▶ PROBLEM TO SOLVE
Could you copy out all of the records below exactly, leaving out every picture?

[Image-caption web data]
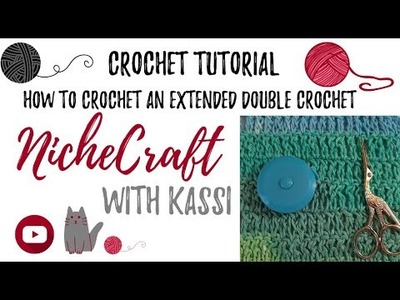 Easy Crochet Stitch Tutorial: How to crochet the Extended Double Crochet Stitch | NicheCraft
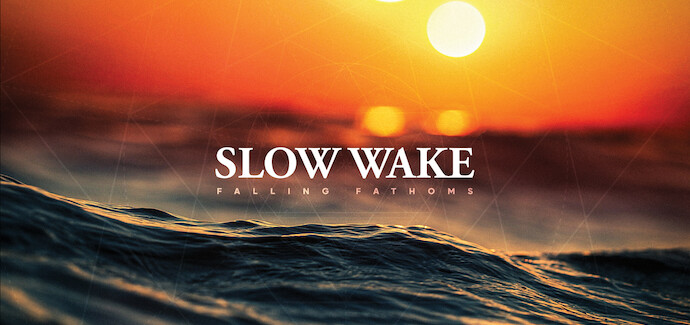 SLOW WAKE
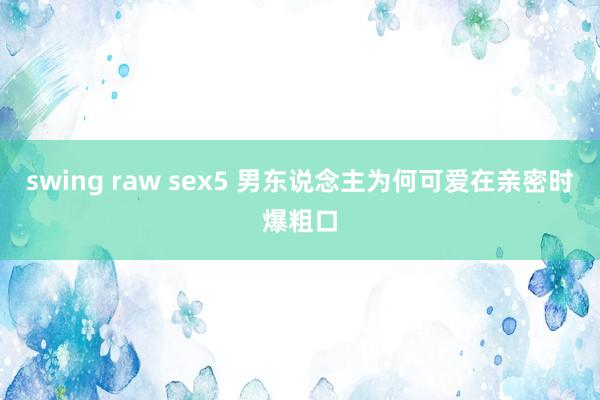 swing raw sex5 男东说念主为何可爱在亲密时爆粗口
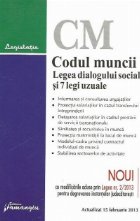 Codul muncii. Legea dialogului social si 7 legi uzuale - actualizat 15 februarie 2013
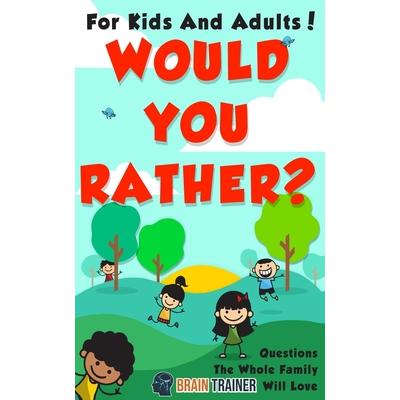 Would You Rather? - For Kids And Adults! Questions The Whole Family Will Love
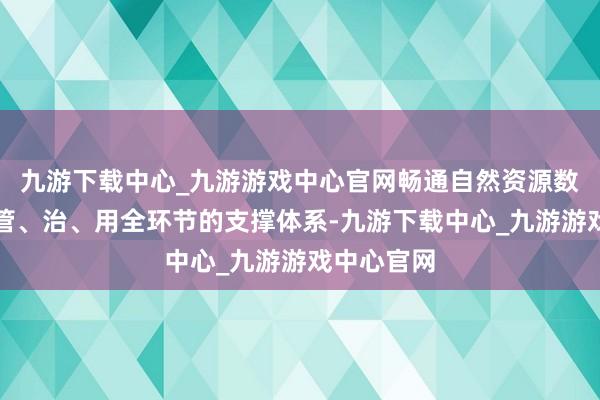 九游下载中心_九游游戏中心官网畅通自然资源数据的汇、管、治、用全环节的支撑体系-九游下载中心_九游游戏中心官网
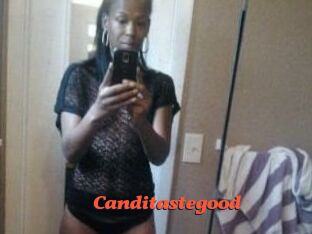 Canditastegood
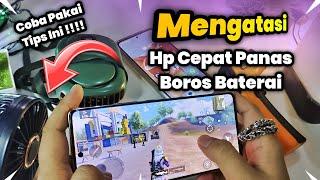 Cara Mengatasi HP Yang Cepat Panas Dan Boros Baterai Dengan Tips Terbaru Ini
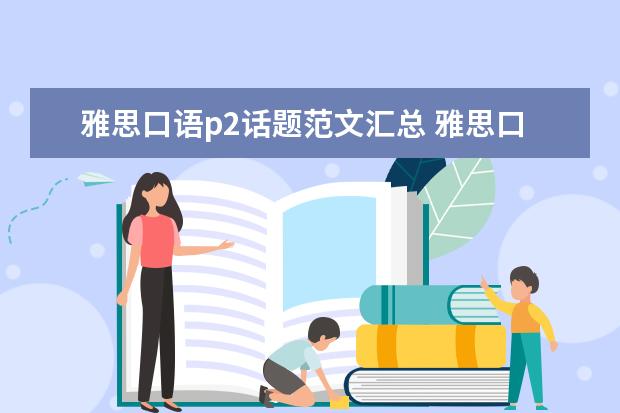 雅思口语p2话题范文汇总 雅思口语p2说一个别人讲的故事 可不可以说 别人讲的...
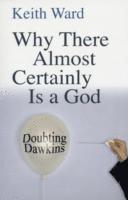bokomslag Why There Almost Certainly Is a God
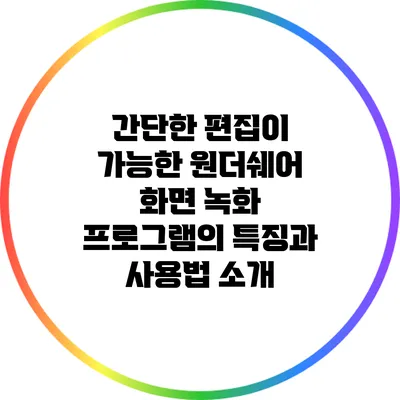 간단한 편집이 가능한 원더쉐어 화면 녹화 프로그램의 특징과 사용법 소개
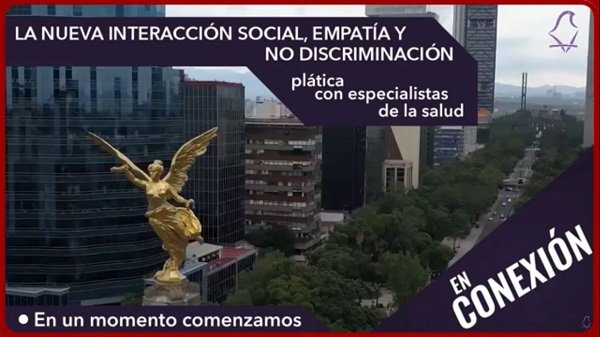 Continúa IECM con el conversatorio virtual “En Conexión”, con los temas: la nueva interacción social, empatía y no discriminación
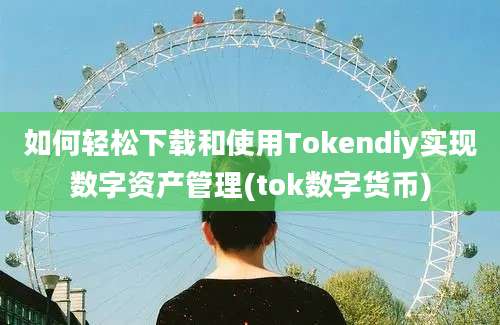 如何轻松下载和使用Tokendiy实现数字资产管理(tok数字货币)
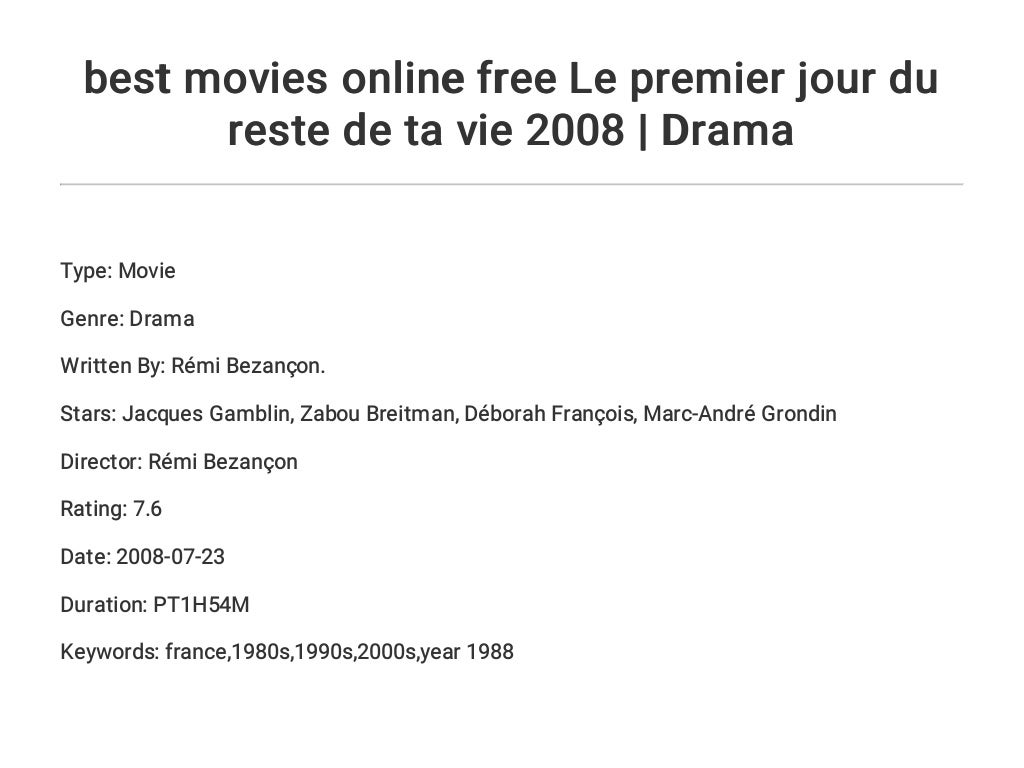 Le Premier Jour Du Reste De Ta Vie Résumé best movies online free Le premier jour du reste de ta vie 2008 | Dra…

▶ ANSWER SECTION
 Easy Crochet Stitch Tutorial: How to crochet the Extended Double Crochet Stitch | NicheCraft
 SLOW WAKE
 swing raw sex5 男东说念主为何可爱在亲密时爆粗口
 Codul muncii. Legea dialogului social si 7 legi uzuale - actualizat 15 februarie 2013
 Would You Rather? - For Kids And Adults! Questions The Whole Family Will Love
 九游下载中心_九游游戏中心官网畅通自然资源数据的汇、管、治、用全环节的支撑体系-九游下载中心_九游游戏中心官网
 Canditastegood
 Cara Mengatasi HP Yang Cepat Panas Dan Boros Baterai Dengan Tips Terbaru Ini
 雅思口语p2话题范文汇总 雅思口语p2说一个别人讲的故事 可不可以说 别人讲的...
bokomslag Why There Almost Certainly Is a God
 간단한 편집이 가능한 원더쉐어 화면 녹화 프로그램의 특징과 사용법 소개
 Continúa IECM con el conversatorio virtual “En Conexión”, con los temas: la nueva interacción social, empatía y no discriminación
 如何轻松下载和使用Tokendiy实现数字资产管理(tok数字货币)
 Le Premier Jour Du Reste De Ta Vie Résumé best movies online free Le premier jour du reste de ta vie 2008 | Dra…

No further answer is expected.